Action item: With the pictures omitted, set down exactly the lines from the one that contains "Ik wil (niet)" through the last line of the data.

##############################

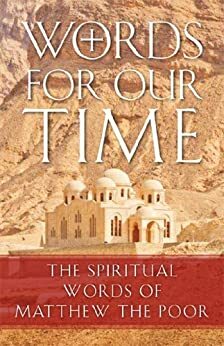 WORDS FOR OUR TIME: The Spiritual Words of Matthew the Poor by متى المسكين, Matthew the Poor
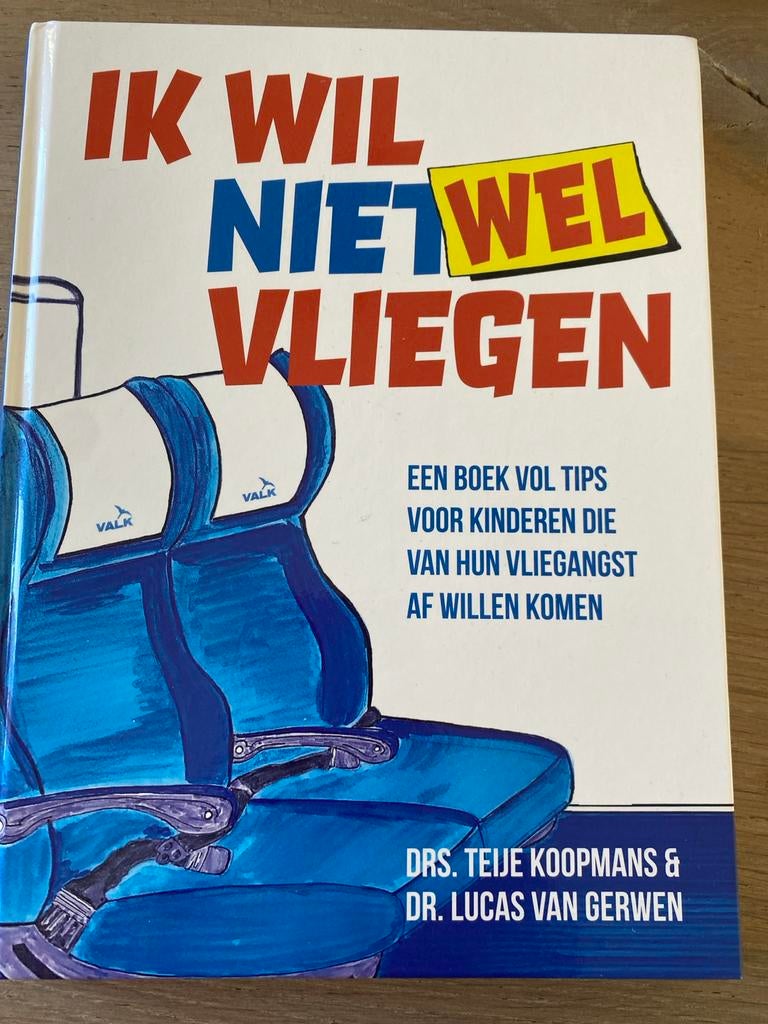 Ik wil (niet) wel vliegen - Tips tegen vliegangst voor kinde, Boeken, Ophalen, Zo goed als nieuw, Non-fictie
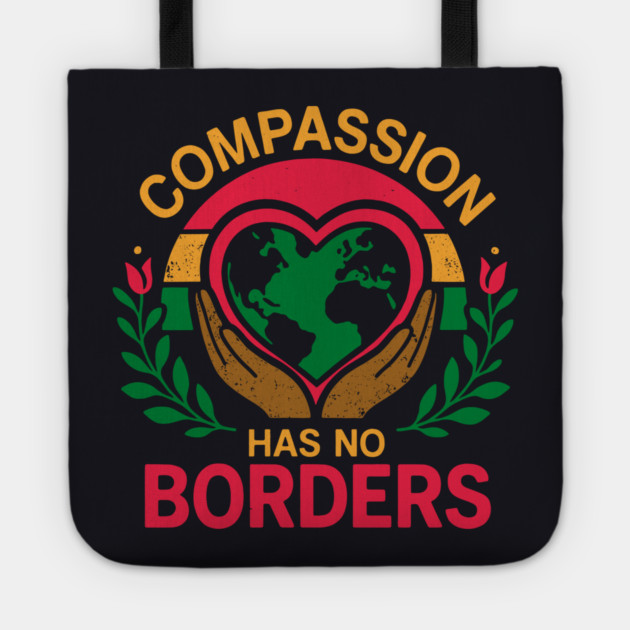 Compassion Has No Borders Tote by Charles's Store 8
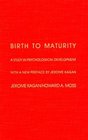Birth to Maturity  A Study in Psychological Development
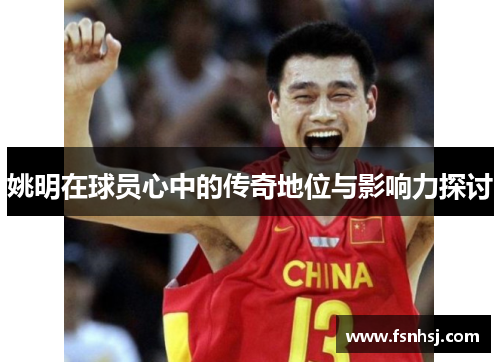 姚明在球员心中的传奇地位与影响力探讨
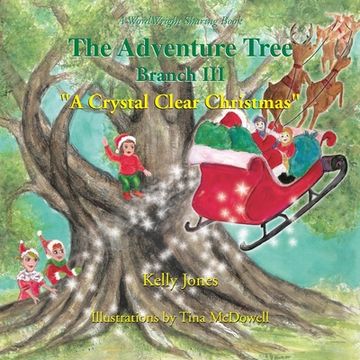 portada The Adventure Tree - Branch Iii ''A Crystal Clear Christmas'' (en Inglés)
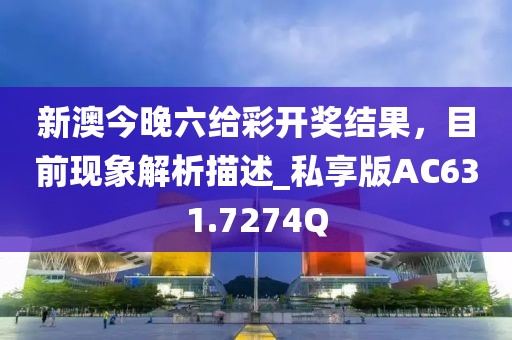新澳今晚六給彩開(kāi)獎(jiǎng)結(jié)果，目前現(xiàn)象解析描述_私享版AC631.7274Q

##############################

Task response:
 Ik wil (niet) wel vliegen - Tips tegen vliegangst voor kinde, Boeken, Ophalen, Zo goed als nieuw, Non-fictie
 Compassion Has No Borders Tote by Charles's Store 8
Birth to Maturity  A Study in Psychological Development
 姚明在球员心中的传奇地位与影响力探讨
 portada The Adventure Tree - Branch Iii ''A Crystal Clear Christmas'' (en Inglés)
新澳今晚六給彩開(kāi)獎(jiǎng)結(jié)果，目前現(xiàn)象解析描述_私享版AC631.7274Q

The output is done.